Based on the 1975 television drama 'Queen of the Stardust Ballroom' the musical is woefully underwritten and relies on a great deal of creative craft to bring its hidden treasures to the fore. This modest production at the Waterloo East Theatre has its heart in the right place and is brimming with enthusiasm but systematically fails to paper over any cracks in Jerome Allan Kass's book, Billy Goldenberg's music and Alan Bergman and Marilyn Bergman's lyrics, and at times gauges those cracks wide open.

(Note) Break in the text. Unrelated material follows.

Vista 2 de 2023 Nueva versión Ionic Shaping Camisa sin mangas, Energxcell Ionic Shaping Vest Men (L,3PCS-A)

A mature cast work faithfully to bring to life the colourful world of The Bronx in the late 70s as the widowed Bea Asher is cajoled into attending the Stardust Ballroom where she falls in love with a married milkman turned dancing partner. At times it feels like an unintentional parody, almost like a Phoenix Nights episode waiting to happen but suffers from a distinct lack of humour or even drama. Whereas Baz Luhrmann's 'Strictly Ballroom' makes the best of a thin situation-based narrative set in a similar environment here we're expected to be so vested in Bea's search for life after her husband that it becomes the sole driving force of the entire plot. When the meatiest scene involves watching a game of Scrabble happen in real time, you know there's trouble.

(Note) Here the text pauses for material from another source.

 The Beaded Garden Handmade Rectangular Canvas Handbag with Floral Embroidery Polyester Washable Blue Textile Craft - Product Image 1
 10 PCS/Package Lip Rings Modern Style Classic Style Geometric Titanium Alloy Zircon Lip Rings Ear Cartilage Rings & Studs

Accents are almost uniformly awful across the board, hindering the acting that regularly falls into the realms of warm-hearted community theatre. Nancy Kettle's choreography is gentle and functional but rarely impresses. For a Bennett show that offers numerous possibilities in staging and theatrical ingenuity it all remains reliably pedestrian throughout and coasts along at one level, hindered by Gerald Armin's prosaic direction that helps the story bumble along but fails to inject a sense of life or urgency in any of the scenes. Bennett is remembered for the fluidity and preciseness of his staging – he despised blackouts and scene stallers, something that this production offers in abundance complete with shuffling furniture arrangement in semi light under a gentle vamp.
Even Inga Davis-Rutter's band sound underwhelmed by proceedings, never swelling into the often melodious score or real capturing the essence or heart of the piece. Like the production as a whole they hit all the right notes but often at the expense of creative energy or ingenuity.
Amongst the uneven cast there are some stand outs who keep you hooked. Colette Kelly is fun to watch as one of the more realised ballroom regulars and maintains the right level of charm throughout. Natalie Moore-Williams is the show's saving grace in the role of Angie, keeping the pace and driving the show forward with a crisp character and mischievous fun. In the Dorothy Loudon role of Bea Asher Jessica Martin works hard to make the character land, somewhat tentative vocally but otherwise impressive in charting the somewhat two-dimensional journey she's given. Commanding the majority of the score she offers the most engaging vocals and is comfortable to watch. Saddled with some questionable wigs she remains reason enough to stay invested and does what she can in the more intimate scenes where the romantic drama fails to blossom.
Michael Bennett fans may have been waiting to see this iconic flop musical come to fruition in London for almost 40 years but I can't honestly say this production has been worth the wait. Not quite 'fifty percent' successful, I'd go with a generous twenty.